[BUG] embedding models: TypeError: SentenceTransformer.__init__() got an unexpected keyword argument 'model_kwargs'

OS

Linux

GPU Library

CUDA 12.x

Python version

3.11

Describe the bug

Out of the models I tested, most exit with similar errors. Here a some embedding models tested, I only got mixedbread-ai_mxbai-rerank-xsmall-v1 to load, the others exit with the log error show below.

BAAI_bge-small-en-v1.5               mixedbread-ai_mxbai-embed-large-v1    place_your_models_here.txt
jinaai_jina-embeddings-v2-base-code  mixedbread-ai_mxbai-rerank-xsmall-v1  sentence-transformers_all-MiniLM-L6-v2
nomic-ai_nomic-embed-text-v1.5        Snowflake_snowflake-arctic-embed-m-v1.5

Reproduction steps

install tabbyapi with miniconda python3.11, use latest version. install the extras module with pip, within conda

run start.sh with default config.yml these settings:

embedding_model_name: mixedbread-ai_mxbai-embed-large-v1 embeddings_device: cpu # also tried gpu

Expected behavior

trying the call the embeddings endpoint with another application:

llamaindex-cli rag -q "What is the main topic of this document?" -f 'doc.md'

Logs

INFO: Model successfully loaded.

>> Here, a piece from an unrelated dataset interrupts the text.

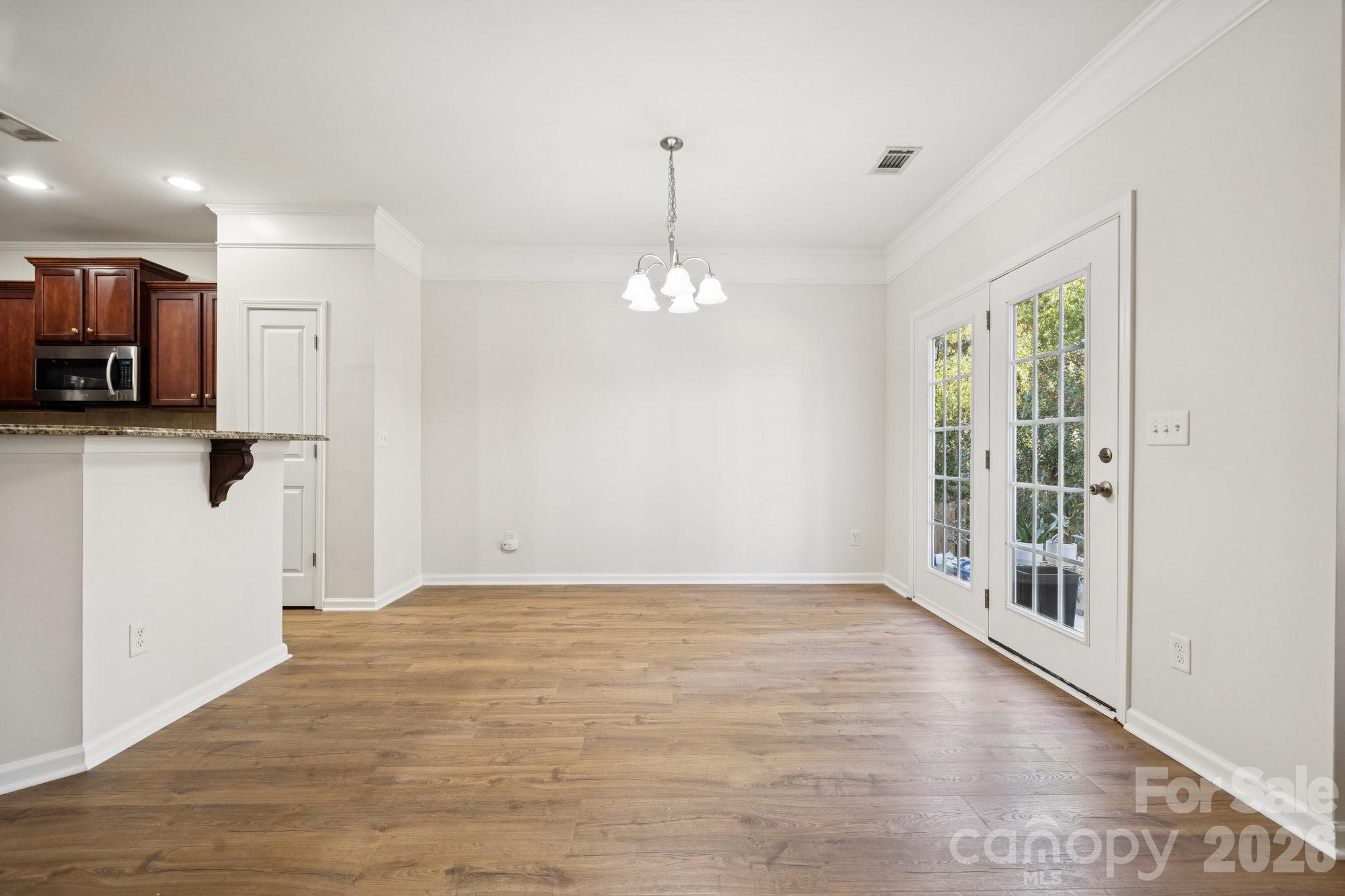 2015 Terrapin Street Indian Trail, NC 28079 - Photo 11 of 30 a view of a room with stainless steel appliances wooden floor and a large window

INFO 2024-08-18 22:16:52,968 infinity_emb INFO: model=models/jinaai_jina-embeddings-v2-base-code selected, select_model.py:62 using engine=torch and device=cpu
Traceback (most recent call last): File "/home/user/projects/tabbyAPI/start.py", line 254, in entrypoint(converted_args) File "/home/user/projects/tabbyAPI/main.py", line 178, in entrypoint asyncio.run(entrypoint_async()) File "/home/user/miniconda3/envs/exllamav2_3.11/lib/python3.11/asyncio/runners.py", line 190, in run return runner.run(main) ^^^^^^^^^^^^^^^^ File "/home/user/miniconda3/envs/exllamav2_3.11/lib/python3.11/asyncio/runners.py", line 118, in run return self._loop.run_until_complete(task) ^^^^^^^^^^^^^^^^^^^^^^^^^^^^^^^^^^^ File "/home/user/miniconda3/envs/exllamav2_3.11/lib/python3.11/asyncio/base_events.py", line 654, in run_until_complete return future.result() ^^^^^^^^^^^^^^^ File "/home/user/projects/tabbyAPI/main.py", line 99, in entrypoint_async await model.load_embedding_model(embedding_model_path, embedding_config) File "/home/user/projects/tabbyAPI/common/model.py", line 142, in load_embedding_model await embeddings_container.load(kwargs) File "/home/user/projects/tabbyAPI/backends/infinity/model.py", line 48, in load self.engine = AsyncEmbeddingEngine.from_args(engine_args) ^^^^^^^^^^^^^^^^^^^^^^^^^^^^^^^^^^^^^^^^^^^ File "/home/user/miniconda3/envs/exllamav2_3.11/lib/python3.11/site-packages/infinity_emb/engine.py", line 67, in from_args engine = cls(**engine_args.to_dict(), _show_deprecation_warning=False) ^^^^^^^^^^^^^^^^^^^^^^^^^^^^^^^^^^^^^^^^^^^^^^^^^^^^^^^^^^^^^ File "/home/user/miniconda3/envs/exllamav2_3.11/lib/python3.11/site-packages/infinity_emb/engine.py", line 53, in init self._model, self._min_inference_t, self._max_inference_t = select_model( ^^^^^^^^^^^^^ File "/home/user/miniconda3/envs/exllamav2_3.11/lib/python3.11/site-packages/infinity_emb/inference/select_model.py", line 70, in select_model loaded_engine = unloaded_engine.value(engine_args=engine_args) ^^^^^^^^^^^^^^^^^^^^^^^^^^^^^^^^^^^^^^^^^^^^^^ File "/home/user/miniconda3/envs/exllamav2_3.11/lib/python3.11/site-packages/infinity_emb/transformer/embedder/sentence_transformer.py", line 58, in init super().init( TypeError: SentenceTransformer.init() got an unexpected keyword argument 'model_kwargs'

Additional context

here is a successful loading of mixedbread-ai_mxbai-rerank-xsmall-v1. I may be using the wrong embeddings model.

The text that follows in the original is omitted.